Hello,
I was reading a few papers citing FreeBayes because I am curious as to what people treat as real variants, and what they do not treat as such.
I myself use illumina and am interested in finding out: A) Is it best to trim your raw reads on the edges for bad quality? B) Remove reads below a certain overall quality? C) Remove PCR duplicates? D) Normally when variants are called, coverage also matters. What are the coverage thresholds (minimum and maximum) to use when determining if a call is real or artefactual? E) Lastly, what is the quality threshold one should consider when treating calls? Where do we draw that line where below it the call is an artifact and above it, it's potentially real?
My own thoughts: For A and B, I am usually against trimming and filtering out RAW reads, because I am afraid of the bias it might introduce.
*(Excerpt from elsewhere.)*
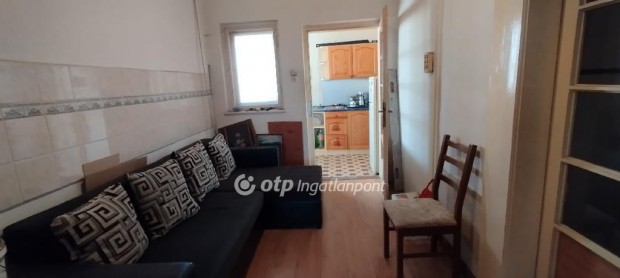 Nagyk�tai elad� 83 nm-es h�z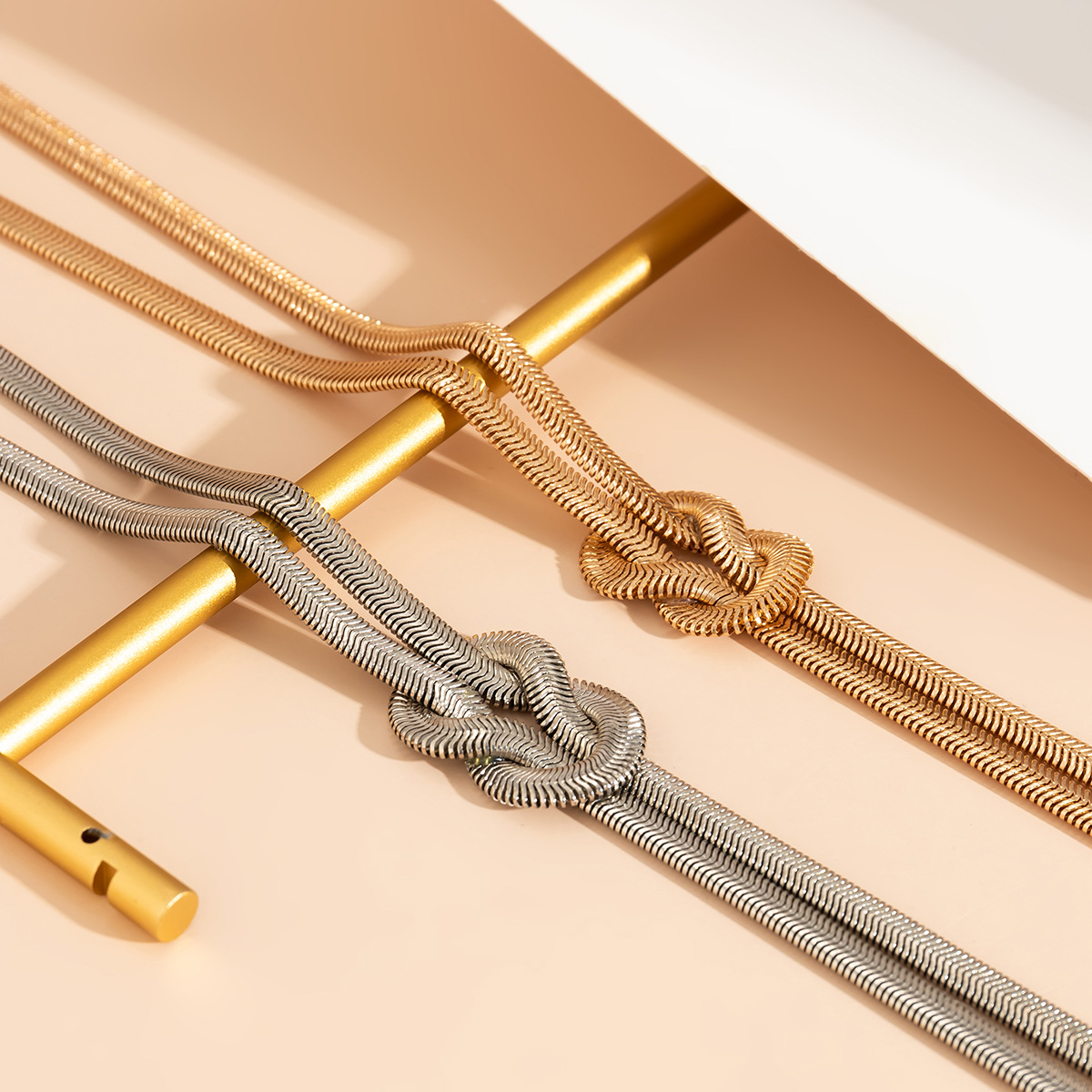 Collana girocollo lunga minimalista per donna Collana a spina di pesce Collare con nappa Catena in osso di serpente per collana a Y a strati Lariat per regali per donne e ragazze_voghion.com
As far as removing PCR duplicates, I think that's a good idea, but it is tricky when dealing with paired end data, because both reads would need to be identical for it to be a PCR duplicate. These guys (1) seemed to remove PCR duplicated, filter and trim. These other guys (2) only trimmed Ns and adaptors, and fitlered only reads with a length smaller than 50, which I think is fine. The authors of the third paper (3) did not preprocess their data in any way.
For D, most people I see are using a minimum DP of 10 or 5 (1), which I am fine with, I think 10 is solid. But what about maximum DP? Either we are sequencing a population and we want to see allele frequency or we are sequencing an individual and want to see heterozygous sites, in any case we should be cautious about gene duplications, so a coverage too high will indicate multiple copies of the gene in the genome, making variant analysis tricky. I am interested in heterozygosity, so what I intend to do is take the average DP for all alleles and setting the upper DP threshold at 1.5x that amount. Opinions on this?
For E I see (1) and (2) used 80 and 100 as the magic line. Here I am really not sure, is 100 stringent enough, or do we need more?
Thank you for your time, Adrian
References: (1) http://www.biomedcentral.com/1471-2164/14/41?utm_source=dlvr.it&utm_medium=twitter (2) http://www.biomedcentral.com/1471-2164/14/64?utm_source=dlvr.it&utm_medium=tumblr (3) http://www.biomedcentral.com/1471-2164/14/467?utm_source=feedburner&utm_medium=feed&utm_campaign=Feed%3A+Bmc%2FGenomics%2FLatestArticles+%28BMC+Genomics+-+Latest+articles%29
A&B) Bad quality will affect the mapping and also calling, personally, I will perform trimming and filtering if the read quality is bad (or request for re-sequencing from the company)
C) Remove PCR duplicats are important About paired-end sequencing
D) Many people use 250, but I am not really sure about that.
Have you looked into using Variant Quality Score Recalibration (VQSR)?
Just looked into it. Very nice idea, many criteria by which to filter, strand bias, alternate allele position... but it needs a prior, needs a training/truth data set. There would be no place where I could find that unfortunately.
The only thing I have is 6 populations, so some sites will be common among them. Maybe try and use that as a training/truth set.
With what species are you working, just out of curiosity?